→ **The task**:
Every line in the records below with the string "Bloemen" needs to be copied out.

-------------------------

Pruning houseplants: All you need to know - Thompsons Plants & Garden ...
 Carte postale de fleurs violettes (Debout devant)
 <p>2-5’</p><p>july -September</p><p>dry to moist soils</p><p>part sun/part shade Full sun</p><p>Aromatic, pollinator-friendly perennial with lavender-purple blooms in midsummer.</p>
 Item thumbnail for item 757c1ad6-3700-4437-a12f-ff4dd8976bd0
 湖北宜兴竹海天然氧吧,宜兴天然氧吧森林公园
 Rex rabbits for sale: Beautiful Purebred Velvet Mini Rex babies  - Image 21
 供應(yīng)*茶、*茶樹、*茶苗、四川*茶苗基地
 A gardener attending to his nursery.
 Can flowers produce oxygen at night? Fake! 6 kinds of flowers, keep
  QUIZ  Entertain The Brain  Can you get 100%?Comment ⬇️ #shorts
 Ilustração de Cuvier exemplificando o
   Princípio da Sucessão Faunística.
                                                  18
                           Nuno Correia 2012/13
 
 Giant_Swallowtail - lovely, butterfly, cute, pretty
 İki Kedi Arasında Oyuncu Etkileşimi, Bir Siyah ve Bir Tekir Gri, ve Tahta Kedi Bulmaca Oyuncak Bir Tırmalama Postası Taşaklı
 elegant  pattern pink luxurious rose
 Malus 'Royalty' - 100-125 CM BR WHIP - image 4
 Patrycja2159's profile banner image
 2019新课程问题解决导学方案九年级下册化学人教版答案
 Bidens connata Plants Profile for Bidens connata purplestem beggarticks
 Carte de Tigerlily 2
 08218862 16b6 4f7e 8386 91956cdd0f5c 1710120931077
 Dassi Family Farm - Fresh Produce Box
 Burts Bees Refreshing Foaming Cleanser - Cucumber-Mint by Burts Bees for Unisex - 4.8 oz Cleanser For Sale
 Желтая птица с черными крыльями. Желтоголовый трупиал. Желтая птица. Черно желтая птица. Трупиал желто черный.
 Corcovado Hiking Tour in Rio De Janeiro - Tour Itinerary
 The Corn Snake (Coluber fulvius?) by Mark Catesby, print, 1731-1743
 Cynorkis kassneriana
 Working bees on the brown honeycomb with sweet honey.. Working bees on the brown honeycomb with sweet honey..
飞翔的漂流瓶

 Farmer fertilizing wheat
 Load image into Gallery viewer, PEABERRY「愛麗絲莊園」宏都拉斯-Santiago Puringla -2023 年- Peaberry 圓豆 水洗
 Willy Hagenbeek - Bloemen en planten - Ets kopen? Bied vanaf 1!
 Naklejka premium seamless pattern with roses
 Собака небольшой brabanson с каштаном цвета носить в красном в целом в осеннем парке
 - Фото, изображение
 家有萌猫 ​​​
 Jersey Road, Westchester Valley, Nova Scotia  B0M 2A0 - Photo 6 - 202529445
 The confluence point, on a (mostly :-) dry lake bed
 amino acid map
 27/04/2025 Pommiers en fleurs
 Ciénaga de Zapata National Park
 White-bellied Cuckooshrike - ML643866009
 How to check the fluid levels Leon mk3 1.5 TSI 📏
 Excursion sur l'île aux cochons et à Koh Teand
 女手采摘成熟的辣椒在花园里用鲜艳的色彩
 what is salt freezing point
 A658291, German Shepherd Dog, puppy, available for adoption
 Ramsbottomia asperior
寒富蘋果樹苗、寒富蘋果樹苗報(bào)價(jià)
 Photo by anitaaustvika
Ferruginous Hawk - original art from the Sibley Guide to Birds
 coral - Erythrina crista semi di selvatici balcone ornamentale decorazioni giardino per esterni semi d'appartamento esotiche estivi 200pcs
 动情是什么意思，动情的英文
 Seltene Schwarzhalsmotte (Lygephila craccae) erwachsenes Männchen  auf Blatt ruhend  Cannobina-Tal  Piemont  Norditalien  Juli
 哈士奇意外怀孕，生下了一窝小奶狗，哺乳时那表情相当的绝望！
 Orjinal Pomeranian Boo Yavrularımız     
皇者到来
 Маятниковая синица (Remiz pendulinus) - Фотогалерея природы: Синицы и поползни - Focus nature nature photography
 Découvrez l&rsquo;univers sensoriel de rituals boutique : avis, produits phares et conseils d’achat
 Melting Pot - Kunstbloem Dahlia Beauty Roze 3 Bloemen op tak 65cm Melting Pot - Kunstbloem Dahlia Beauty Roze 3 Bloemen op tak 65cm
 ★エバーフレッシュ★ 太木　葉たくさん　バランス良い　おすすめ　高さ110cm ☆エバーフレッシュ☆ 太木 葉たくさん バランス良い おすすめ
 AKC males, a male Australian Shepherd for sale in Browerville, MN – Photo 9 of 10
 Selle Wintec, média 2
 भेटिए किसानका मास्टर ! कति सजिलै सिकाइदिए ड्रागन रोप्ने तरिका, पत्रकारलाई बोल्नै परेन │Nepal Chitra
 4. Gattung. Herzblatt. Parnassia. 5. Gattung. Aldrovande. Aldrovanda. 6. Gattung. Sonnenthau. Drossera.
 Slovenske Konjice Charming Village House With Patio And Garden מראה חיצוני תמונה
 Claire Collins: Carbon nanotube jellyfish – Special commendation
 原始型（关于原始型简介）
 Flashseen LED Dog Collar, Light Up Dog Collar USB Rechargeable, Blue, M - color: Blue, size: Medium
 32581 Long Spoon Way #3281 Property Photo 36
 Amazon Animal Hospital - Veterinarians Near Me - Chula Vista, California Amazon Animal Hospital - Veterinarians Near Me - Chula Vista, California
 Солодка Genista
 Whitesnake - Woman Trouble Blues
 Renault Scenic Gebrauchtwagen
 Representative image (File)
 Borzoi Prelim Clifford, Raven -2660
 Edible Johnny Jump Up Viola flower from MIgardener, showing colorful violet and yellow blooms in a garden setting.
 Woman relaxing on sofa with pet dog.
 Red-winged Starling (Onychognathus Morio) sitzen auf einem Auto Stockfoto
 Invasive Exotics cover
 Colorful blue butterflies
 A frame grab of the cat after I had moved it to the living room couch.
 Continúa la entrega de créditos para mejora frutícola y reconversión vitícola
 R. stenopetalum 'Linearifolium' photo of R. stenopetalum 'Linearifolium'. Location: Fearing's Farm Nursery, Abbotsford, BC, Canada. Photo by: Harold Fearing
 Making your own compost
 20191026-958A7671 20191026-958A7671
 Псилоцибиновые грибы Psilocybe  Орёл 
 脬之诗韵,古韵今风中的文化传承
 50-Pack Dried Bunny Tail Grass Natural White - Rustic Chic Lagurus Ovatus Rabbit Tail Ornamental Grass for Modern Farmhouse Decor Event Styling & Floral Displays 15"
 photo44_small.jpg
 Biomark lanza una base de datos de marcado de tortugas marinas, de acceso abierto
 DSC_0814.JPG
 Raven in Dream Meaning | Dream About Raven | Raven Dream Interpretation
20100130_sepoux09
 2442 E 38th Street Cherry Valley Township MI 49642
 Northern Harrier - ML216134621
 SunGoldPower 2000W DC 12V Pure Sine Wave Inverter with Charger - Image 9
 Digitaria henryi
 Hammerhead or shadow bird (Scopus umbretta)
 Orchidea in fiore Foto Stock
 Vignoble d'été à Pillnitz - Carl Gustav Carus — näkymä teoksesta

-------------------------

→ **Answer space**:
 Willy Hagenbeek - Bloemen en planten - Ets kopen? Bied vanaf 1!
 Melting Pot - Kunstbloem Dahlia Beauty Roze 3 Bloemen op tak 65cm Melting Pot - Kunstbloem Dahlia Beauty Roze 3 Bloemen op tak 65cm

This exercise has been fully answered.